The Freedom From Religion Foundation is requesting that a Texas school district expunge religion from its activities.
A couple of unnerved community members recently contacted FFRF to report two constitutional violations that have taken place within the Corpus Christi Independent School District. It was reported that after a recent Miller High School football game in Corpus Christi, Texas, players and coaches had congregated in the middle of the field to recite the “Lord’s Prayer.”
FFRF was also informed that teachers at Woodlawn Elementary took students on a field trip to a pumpkin patch at Asbury United Methodist Church. After exploring the patch, the students were gathered for a proselytizing storytime session led by a church volunteer who read books that included pictures of pumpkins decorated with the Latin cross and a “Jesus fish.” Students were told that the cross represented Jesus, that Jesus died on the cross for everyone’s sins, that Jesus is “our Messiah” and other Christian myths.
In a letter sent to the school district, FFRF warns that the two instances of illegal religious promotion on behalf of the public school must end. FFRF Staff Attorney Sam Grover informs the district superintendent that federal courts have held that public school coaches’ participation in their team’s prayer circles are unconstitutional. Grover also addresses the religious field trip at Woodlawn Elementary.
“It is an egregious abuse of government power to proselytize a captive audience of very young, impressionable school children,” writes Grover.
And, FFRF notes, the fact that participation in the field trip was voluntary with parental-signed permission forms does not cure the constitutional violation. FFRF reminds the school district that Corpus Christi is home to a diverse array of parents and students who are not Christian and not religious.

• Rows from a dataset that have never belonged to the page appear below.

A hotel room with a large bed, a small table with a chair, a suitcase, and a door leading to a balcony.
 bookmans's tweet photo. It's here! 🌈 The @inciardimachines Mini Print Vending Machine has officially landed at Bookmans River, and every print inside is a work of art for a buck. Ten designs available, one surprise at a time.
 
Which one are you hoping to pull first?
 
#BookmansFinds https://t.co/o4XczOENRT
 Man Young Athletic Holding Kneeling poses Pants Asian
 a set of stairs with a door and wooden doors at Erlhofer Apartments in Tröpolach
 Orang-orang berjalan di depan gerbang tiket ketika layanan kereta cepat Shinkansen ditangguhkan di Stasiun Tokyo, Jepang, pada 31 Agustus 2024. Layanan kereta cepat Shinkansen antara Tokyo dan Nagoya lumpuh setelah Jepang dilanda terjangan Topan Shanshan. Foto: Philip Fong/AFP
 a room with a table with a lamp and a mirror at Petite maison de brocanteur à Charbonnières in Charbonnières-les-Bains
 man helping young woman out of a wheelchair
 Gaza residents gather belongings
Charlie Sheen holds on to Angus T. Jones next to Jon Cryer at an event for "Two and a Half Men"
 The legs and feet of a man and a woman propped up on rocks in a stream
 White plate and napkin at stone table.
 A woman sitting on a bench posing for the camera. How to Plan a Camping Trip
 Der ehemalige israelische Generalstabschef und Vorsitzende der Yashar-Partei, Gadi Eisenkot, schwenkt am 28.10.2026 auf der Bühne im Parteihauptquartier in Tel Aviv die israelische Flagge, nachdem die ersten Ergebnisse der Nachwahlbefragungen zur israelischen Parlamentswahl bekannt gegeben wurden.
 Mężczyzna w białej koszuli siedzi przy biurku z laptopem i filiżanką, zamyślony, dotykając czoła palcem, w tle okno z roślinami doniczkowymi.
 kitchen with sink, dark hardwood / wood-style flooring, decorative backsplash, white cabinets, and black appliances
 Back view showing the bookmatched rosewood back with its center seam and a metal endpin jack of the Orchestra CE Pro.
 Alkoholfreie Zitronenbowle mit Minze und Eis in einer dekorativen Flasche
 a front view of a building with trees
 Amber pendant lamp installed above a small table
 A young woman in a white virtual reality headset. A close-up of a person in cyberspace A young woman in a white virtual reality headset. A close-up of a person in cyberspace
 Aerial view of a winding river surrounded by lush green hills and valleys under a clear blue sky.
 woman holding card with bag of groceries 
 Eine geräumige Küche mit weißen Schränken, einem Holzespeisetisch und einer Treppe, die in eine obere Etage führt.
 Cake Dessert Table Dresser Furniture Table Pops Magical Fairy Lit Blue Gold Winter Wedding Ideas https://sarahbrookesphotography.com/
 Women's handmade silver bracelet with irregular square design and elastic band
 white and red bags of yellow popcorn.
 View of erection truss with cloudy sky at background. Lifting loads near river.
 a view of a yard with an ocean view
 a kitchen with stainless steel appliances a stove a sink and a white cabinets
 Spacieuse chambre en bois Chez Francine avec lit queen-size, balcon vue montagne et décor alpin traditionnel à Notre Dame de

“The school district must honor its obligation to welcome and protect the rights of conscience of all of its students — not just those with religion,” says FFRF Co-President Annie Laurie Gaylor.
FFRF is asking that the district ensure that its representatives restrain themselves from organizing, leading or participating in prayer with students. FFRF is also requesting that district schools not incorporate religious activities into future field trips and that no future field trips be scheduled in a place of worship.
The Freedom From Religion Foundation is a national nonprofit organization with more than 29,000 members across the country, including in Texas. Its purpose is to protect the constitutional principle of separation between state and church.